26.5. L'Assemblea generale è convocata presso la sede sociale o in ogni altro luogo in Italia con le modalità indicate nei commi precedenti.

26.6. In mancanza delle formalità suddette, le Assemblee separate e l'Assemblea generale si reputano regolarmente costituite quando sono presenti o rappresentati tutti i soci, nell'Assemblea generale per il tramite dei delegati, e partecipa altresì alla riunione assembleare la maggioranza dei componenti del Consiglio di amministrazione e del Collegio sindacale. Tuttavia in tale ipotesi ciascuno dei partecipanti può opporsi alla discussione degli argomenti sui quali non si ritenga sufficientemente informato.

Articolo 27) - Riunioni

27.1. Le Assemblee separate e l'Assemblea generale sono presiedute dal Presidente del Consiglio di amministrazione. In caso di assenza o impedimento del Presidente, le predette Assemblee sono presiedute dal vice Presidente del Consiglio di amministrazione. In mancanza anche di questi ciascuna Assemblea è presieduta dalla persona eletta con il voto della maggioranza dei soci presenti o rappresentati.

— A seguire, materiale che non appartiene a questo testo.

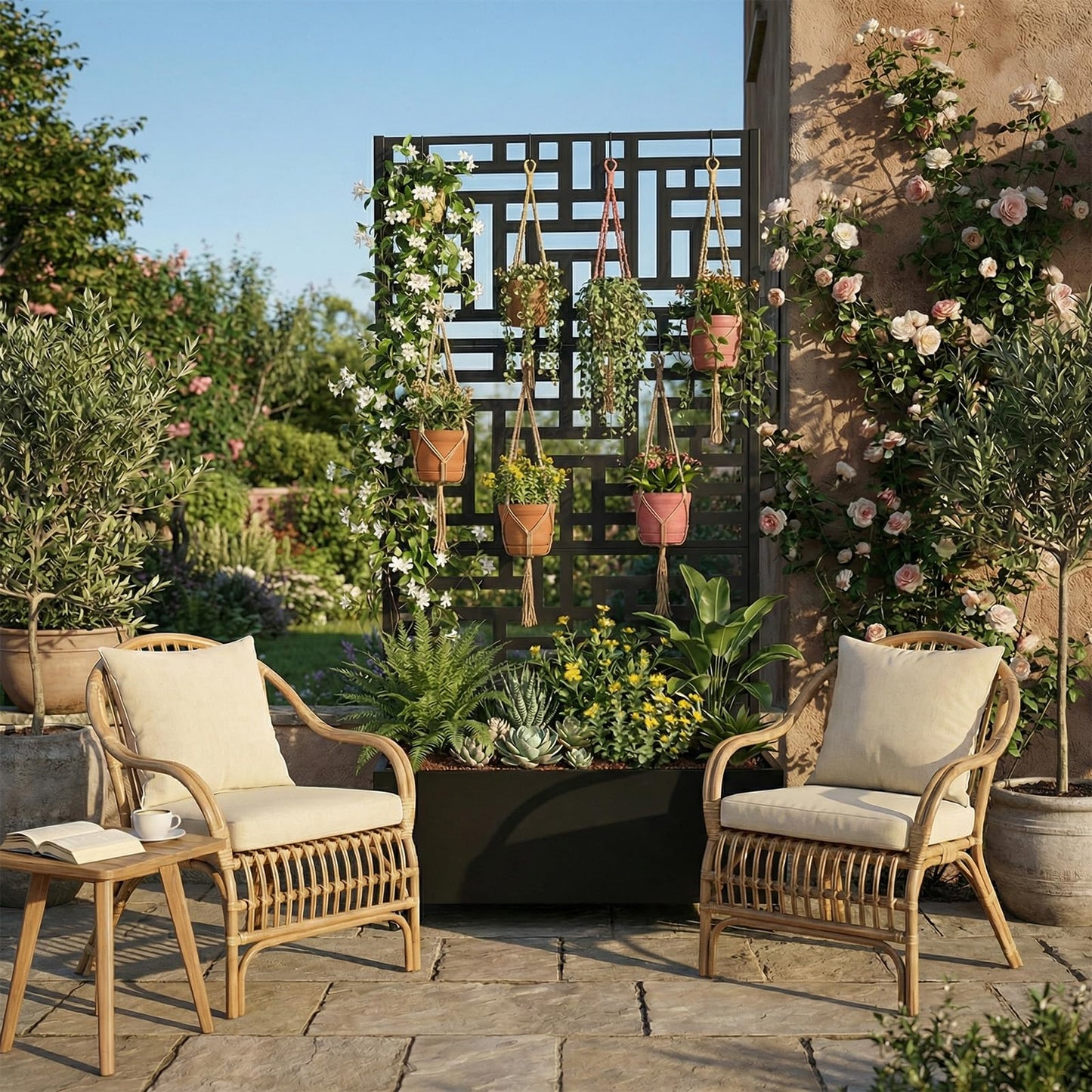 ASIEIT Metal Planter Box with Trellis Standing Planter Box for Climbing Plants/Vines Raised Garden Bed On Wheels 70.87x35.43x15.75 Inch (02)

27.2. All'Assemblea generale possono assistere, senza diritto di voto, anche i soci non delegati dalle rispettive Assemblee separate.

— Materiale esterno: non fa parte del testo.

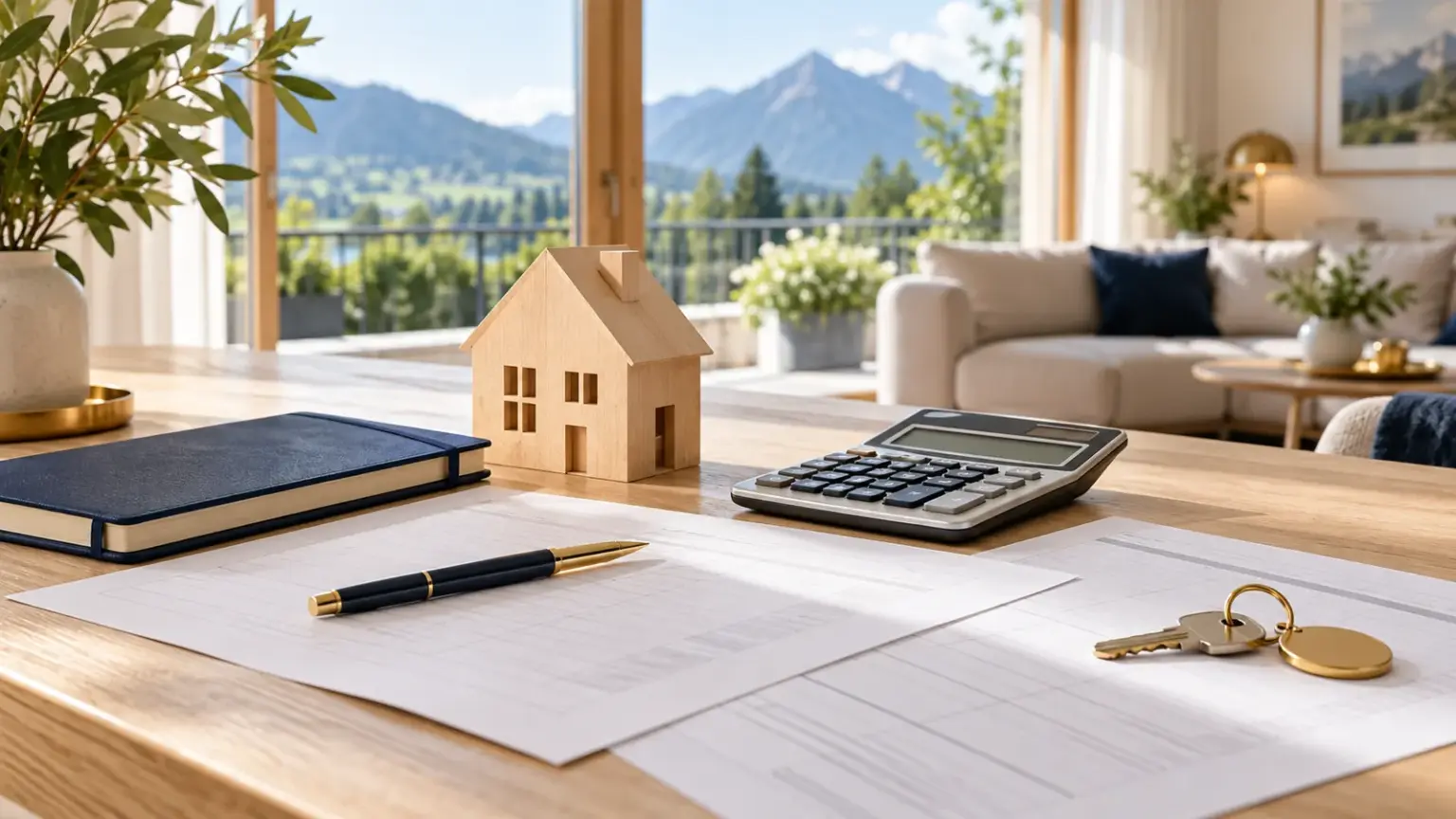 Symbolbild: Hausmodell, Taschenrechner und Planungsunterlagen zur Vorbereitung eines Immobilienkaufs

27.3. Nell'Assemblea generale i quorum costitutivi e deliberativi indicati nei successivi artt. 31 e 32 sono da intendersi riferiti al numero, rispettivamente, dei soci e dei voti favorevoli rappresentati ed espressi dai delegati.

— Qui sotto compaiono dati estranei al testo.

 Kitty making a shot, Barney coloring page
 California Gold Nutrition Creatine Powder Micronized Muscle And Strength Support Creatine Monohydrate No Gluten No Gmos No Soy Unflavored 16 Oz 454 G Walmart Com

27.4. Delle riunioni assembleari deve redigersi verbale che è sottoscritto dal Presidente dell'Assemblea e dal segretario da quest'ultima nominato, salvo che il verbale sia redatto da un notaio. Nei verbali delle Assemblee separate devono anche risultare il numero dei soci aventi diritto al voto intervenuti alla riunione, i nomi dei delegati eletti per l'Assemblea generale con l'indicazione di quelli che rappresentano la minoranza e il numero delle astensioni e dei voti favorevoli e contrari relativi a ciascuna deliberazione.

Articolo 28) - Rappresentanza in Assemblea

28.1. I soci possono farsi rappresentare in assemblea solo da altri soci. La delega deve essere conferita per iscritto e deve indicare il nome del rappresentante. Ciascun socio può rappresentare sino ad un massimo di dieci soci; la rappresentanza non può essere conferita ai componenti del Consiglio di amministrazione e del Collegio Sindacale, ai dipendenti della Società e agli altri soggetti indicati nell'art. 2372, comma 5, c.c..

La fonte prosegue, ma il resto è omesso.